The name Ricinus is a Latin word for tick; the seed is so named because it has markings and a bump at the end which resemble certain ticks.

Although castor is probably indigenous to Eastern Africa, today castor is distributed worldwide. Castor establishes itself easily as a "native" plant and can often be found on wasteland, near rail roads and has recently also been used extensively as decorative plant in parks etc.

Castor seed have been found in Egyptian tombs dating back to BC 4000. Herodotus and other Greek travellers have noted the use of castor seed oil for lighting and body anointments. The use of castor seed oil in India has been documented since BC 2000 for use in lamps and in local medicine as a laxative. Castor seed and its oil has also been used in China for centuries, mainly described in local medicine for internal use or use in dressings.

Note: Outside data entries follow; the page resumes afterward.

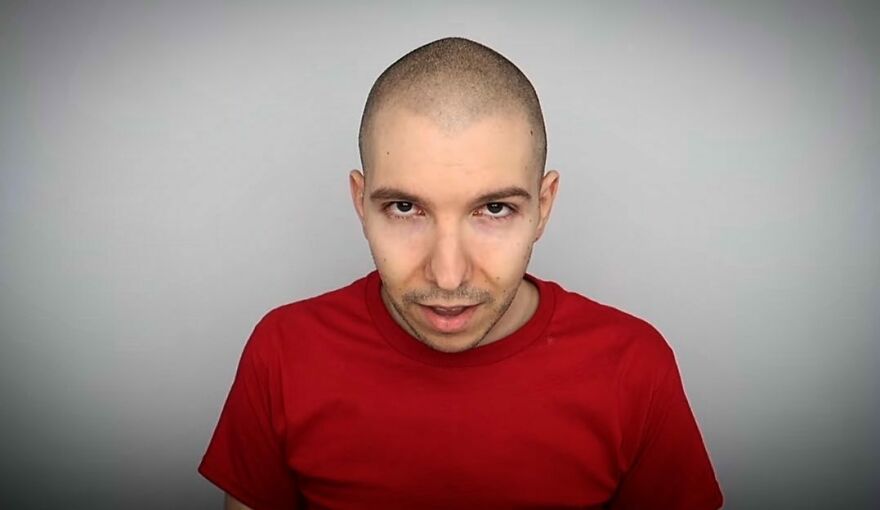 Nikocado Avocado looking at the camera wearing a red shirt after undergoing cosmetic surgery and sharing results.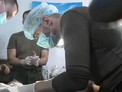 Российские военные медики разработали технологию полного восстановления конечностей после ранений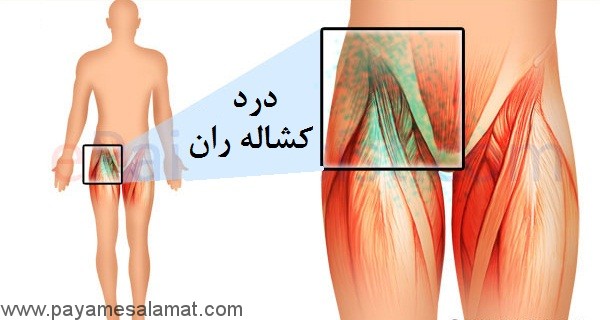 چه چیزی باعث درد کشاله ران می شود و درمان آن چیست؟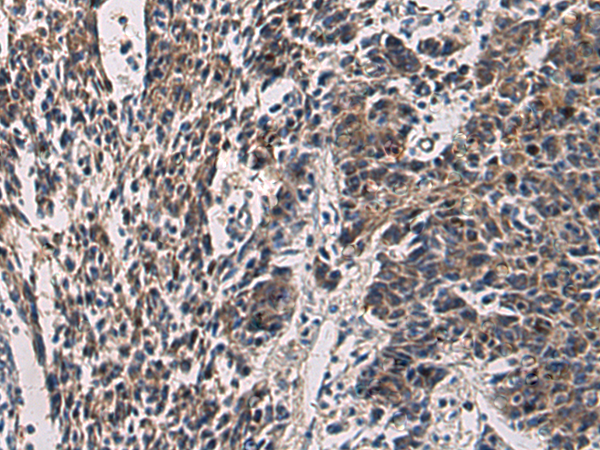 Immunohistochemistry of paraffin-embedded Human colorectal cancer tissue using TA366529 (CCNI Antibody) at dilution 1/60 (Original magnification: x200)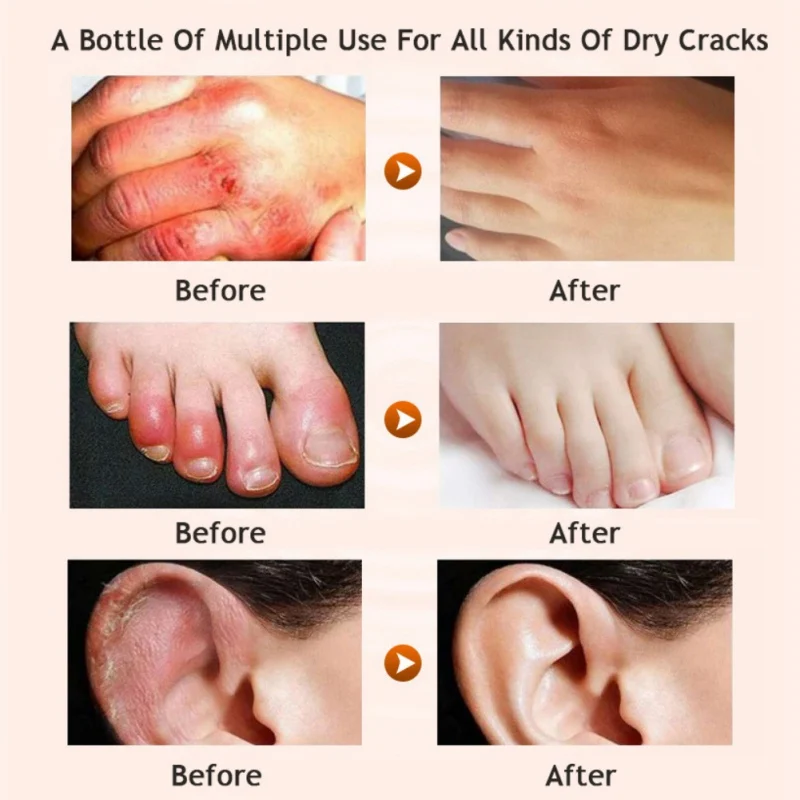 Horse Oil Foot Hand Antifreeze Cream Treatment Dry Skin Heel Chapped Peeling Repair Beauty Skin Care Products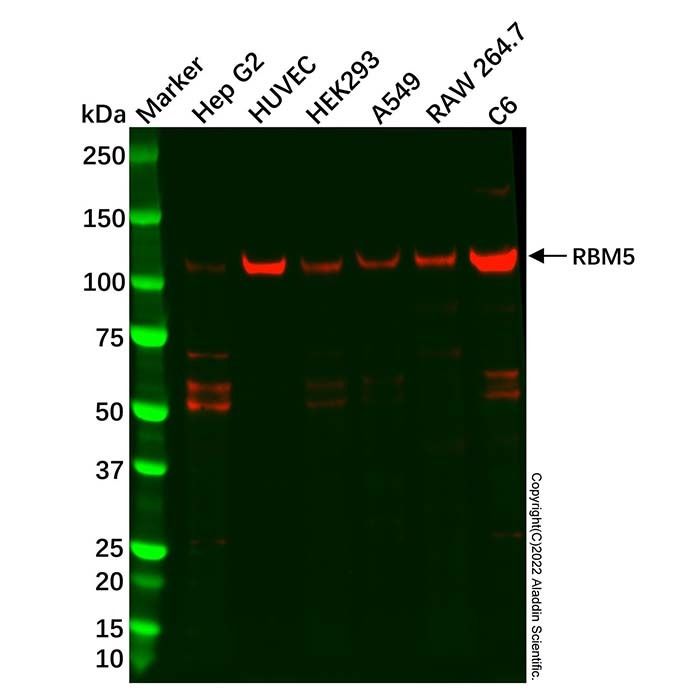 RBM5 Antibody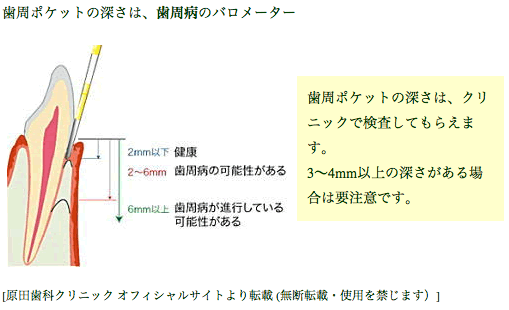 歯周病の進行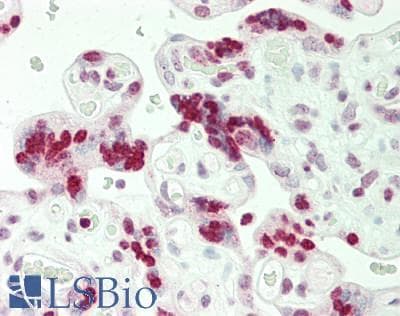 Polyclonal Rabbit anti-Human HIST1H1C Antibody (aa101-150, IHC, WB)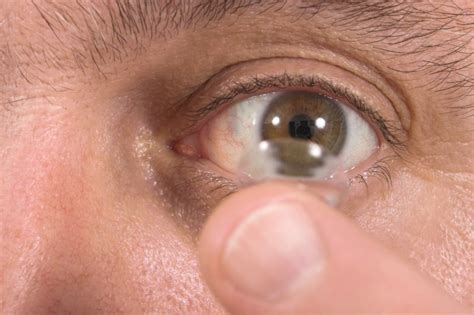 FDA Approves First Contact Lens That Slows Myopia Progression UPI Com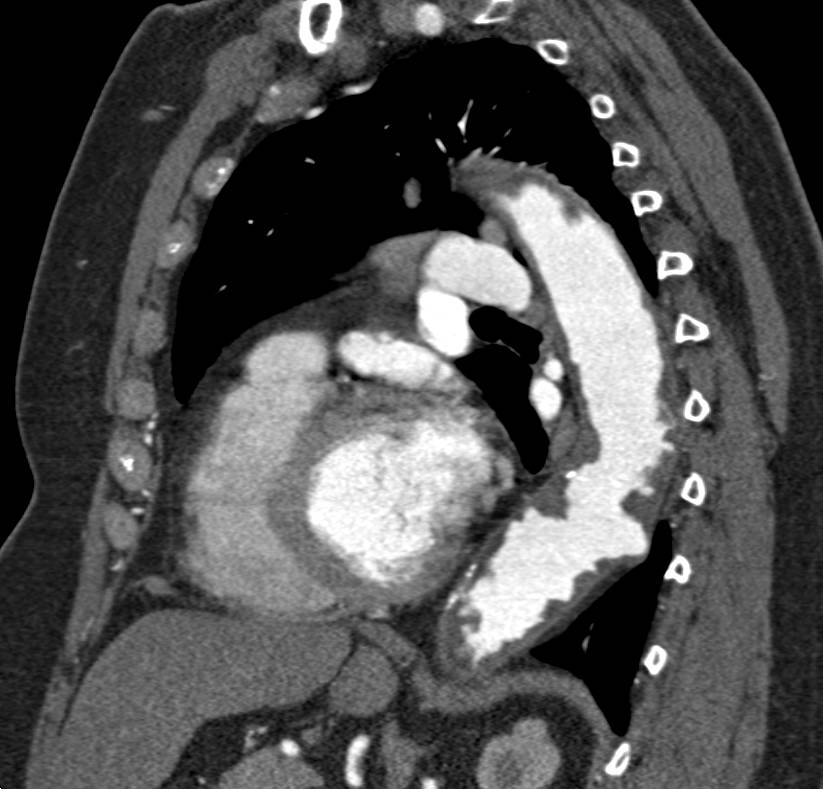 Multiple Ulcerations Descending Thoracic Aorta - CTisus CT Scan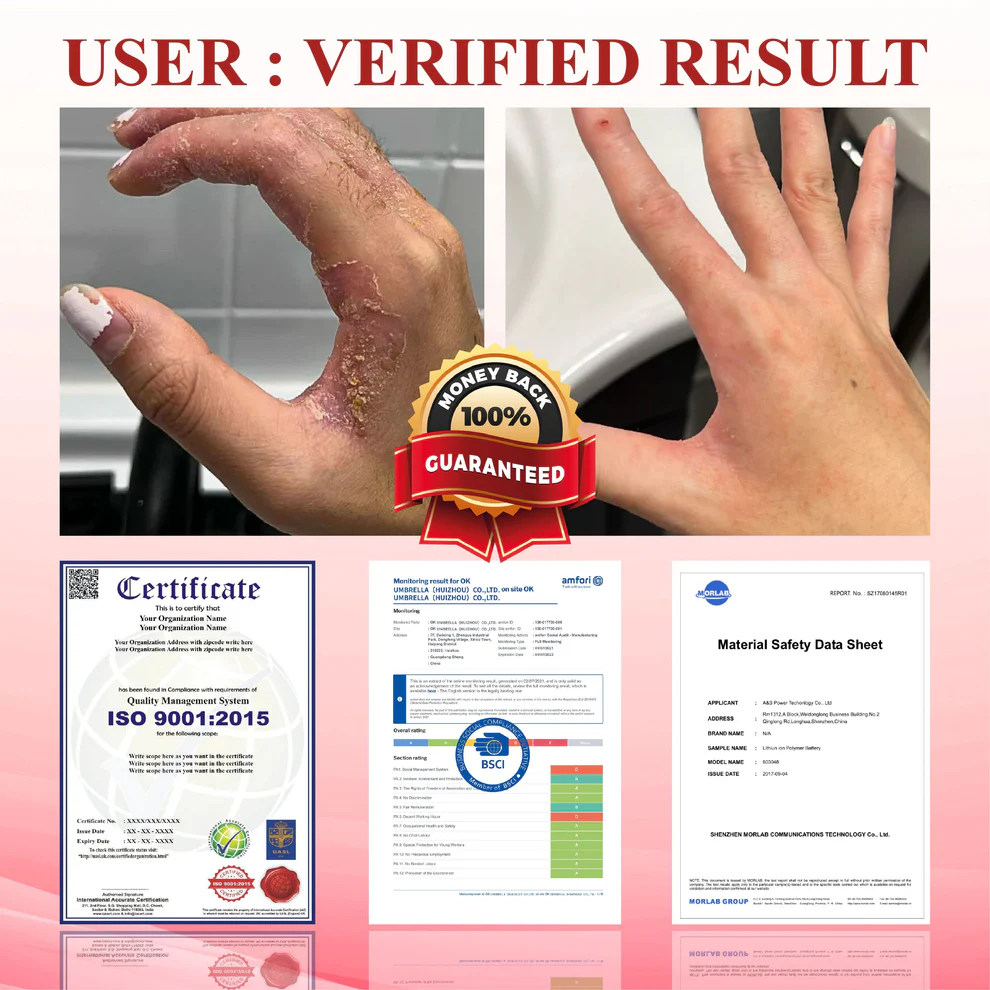 ALISANDA® GlucoseGuard Skin Rescue Cream image ALISANDA® GlucoseGuard Skin Rescue Cream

Although monogenic, the castor plant can vary greatly in its growth habit and appearance. Some castor, plants are perennials which can take the size of small trees, other plants are dwarf types and are grown as annuals. There also exists an enormous variation in leaf shape and colouring which has lead to a selection by breeders for use as ornamental plants.

Castor seed contains between 40% and 60% oil which is rich in tryglycerides[?], mainly ricinolein[?].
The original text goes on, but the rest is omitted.